I reviewed docker.io-app 29.1.3-0ubuntu5 as checked into stonking. This is
a shallow, tool-assisted MIR security review rather than an in-depth audit.
Findings below were derived from the auto-generated audit artifacts in this
directory (packaging.txt, binaries.txt, *.txt tool outputs) and this request.

docker.io-app is the Ubuntu-only repackaging of the Moby Docker engine
(engine/, the `dockerd` daemon), the Docker CLI (cli/), tini
(`docker-init`, the PID-1 subreaper used as the container init) and the
`docker-trust` CLI plugin (cli-plugins). It is built as a mostly-static Go
binary with a small amount of C (tini, libnetwork's `docker-proxy`,
`contrib/syscall-test`). It provides an OCI-compliant container runtime,
exposing a Unix socket API (/var/run/docker.sock) and an optional TCP/REST
API. The daemon runs as root by design (it manages namespaces, cgroups,
seccomp, AppArmor and storage drivers). Only `bin:docker.io` is being
promoted to main; `docker-doc` stays in universe.

- CVE History
  - Per the MIR template, docker.io-app has had 19 security issues; counting
    the predecessor src:docker.io the full history is 65 issues
    (https://ubuntu.com/security/cves?package=docker.io-app and
    https://ubuntu.com/security/cves?package=docker.io). Historical fixes
    were delivered via new-upstream-version uploads (e.g. 26.1.3-0ubuntu2,
    24.0.7-0ubuntu3) as documented in the Docker SRU exception
    
(https://documentation.ubuntu.com/project/SRU/reference/exception-Docker-Updates/).

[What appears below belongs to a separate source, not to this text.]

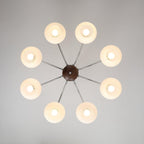 Lustra Lustre Contemporain à Bras Globe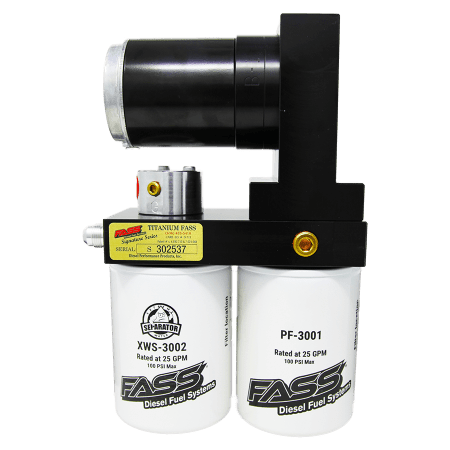 FASS 24V Titanium Signature Series Fuel Pump 140G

    Upstream (moby/moby) is responsive and the package has effectively been
    treated as supported-in-main for some time already.

- Build-Depends
  - From the build log "Merged Build-Depends":
    bash-completion, ca-certificates, cmake, debconf (>= 0.5),
    debhelper-compat (= 12), dh-apparmor, dh-exec, dh-golang, git,
    golang-1.24-go, libapparmor-dev, libbtrfs-dev | btrfs-progs (<< 4.16.1~),
    libdevmapper-dev (>= 2:1.02.68~), libltdl-dev, libnftables-dev,
    libseccomp-dev, libsystemd-dev (>= 209~), pkg-config, po-debconf, procps,
    tzdata, build-essential, fakeroot.
  - Sensitive libraries linked: libapparmor (AppArmor integration),
    libseccomp (seccomp profiles), libsystemd (journald logger),
    libnftables (nftables firewall driver), libdevmapper / libbtrfs (storage
    drivers), libltdl (dynamic plugin loading).

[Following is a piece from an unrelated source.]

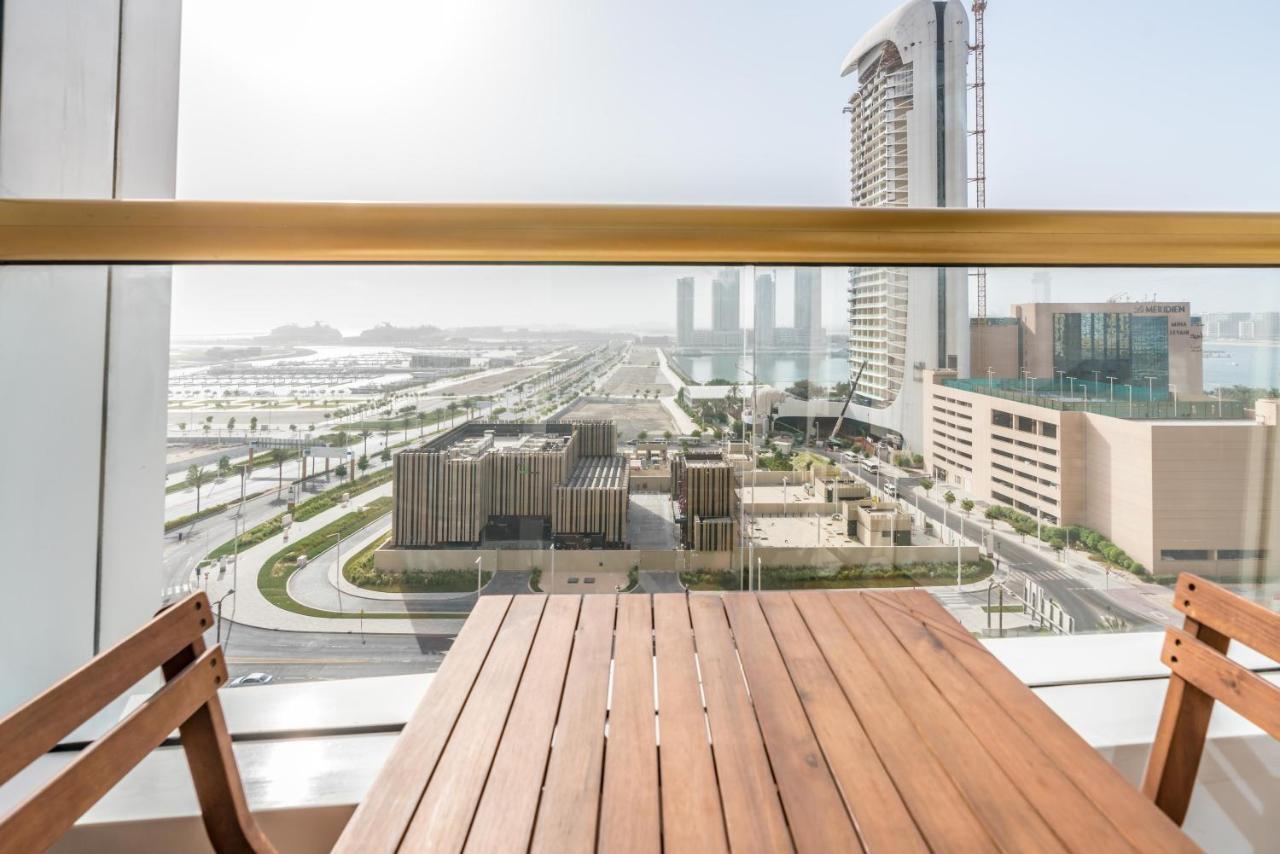 Lux Bnb Elite Residence Harbor Views Dubái Exterior foto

  - golang-1.24 (1.24.13-2) is used for the (mostly static) Go build;
    Built-Using records glibc and golang-1.24.
  - Runtime Recommends of note: pigz (parallel gzip for image-layer
    decompression - has its own MIR, LP #2150649), ubuntu-fan
    (Canonical-specific fan networking - kernel team will re-promote it to
    main once this MIR completes).

- pre/post inst/rm scripts
  - `preinst`: aborts configuration if the legacy aufs storage driver
    directory `/var/lib/docker/aufs` exists, asking the user to remove it.

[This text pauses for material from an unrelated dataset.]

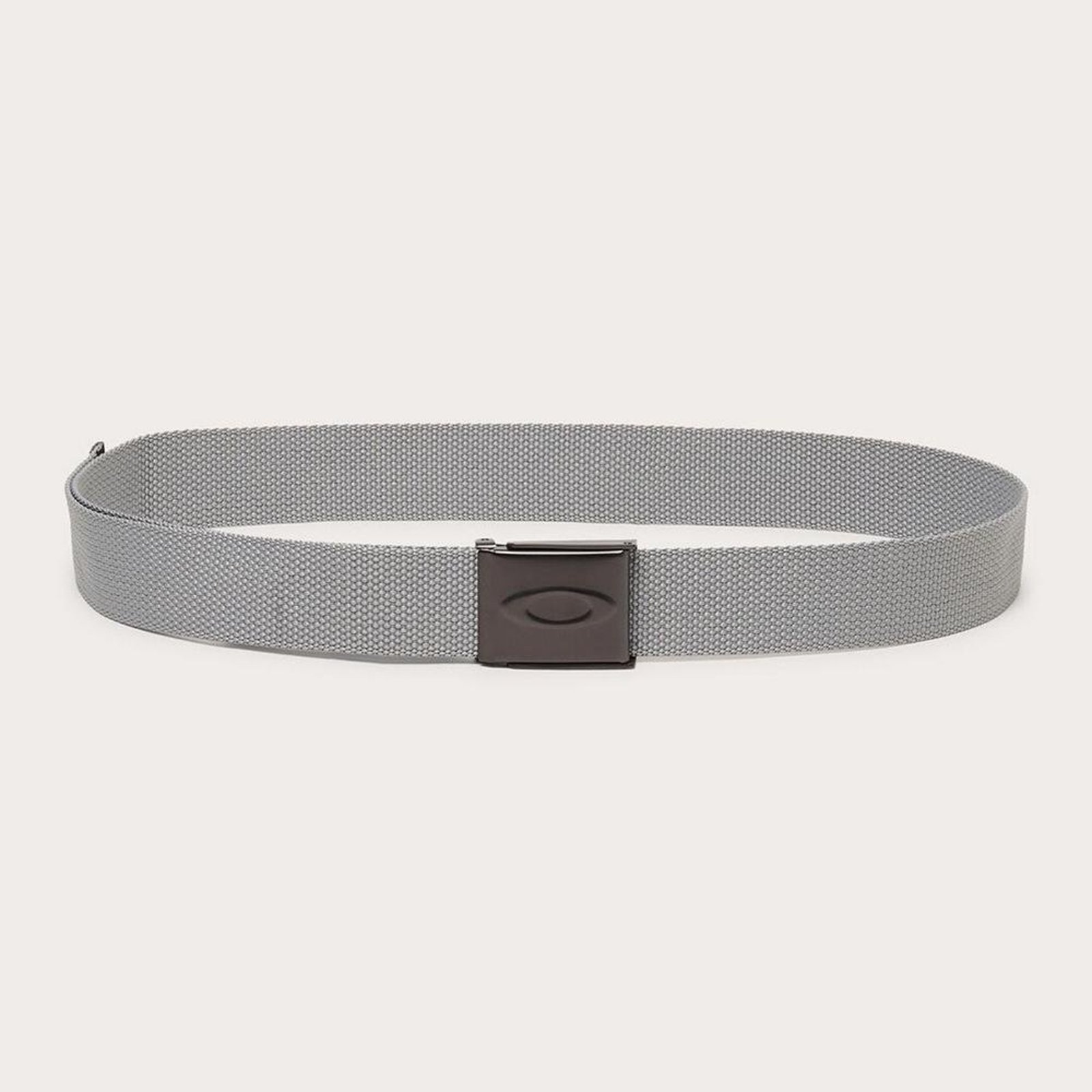 Cinto Oakley Ellipse Web Belt Pebble Cement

  - `postinst`: creates the `docker` system group (used to set the group on
    `docker.sock`); handles ZFS dataset creation/migration for `/var/lib/docker`
    (gated on `zfs` being available and the `zfs` module being loaded,
    guarded against missing commands and only migrating for old versions);
    asks a debconf high-priority question (`docker.io/restart`) before
    restarting the daemon on upgrades (with explicit handling to avoid
    double-prompting); reloads the AppArmor profile; enables `docker.service`
    and `docker.socket` via `dh_installsystemd`; starts the daemon on first
    install via `dh_installinit --no-start` shim.
  - `prerm`: stops `docker.service`/`docker.socket`; on `remove`, copies
    `nuke-graph-directory.sh` into `/var/lib/docker/` so it survives package
    removal and can purge the graph directory later.
  - `postrm`: on `purge`, runs `nuke-graph-directory.sh` against
    `/var/lib/docker`; purges systemd units, debconf db and AppArmor bits.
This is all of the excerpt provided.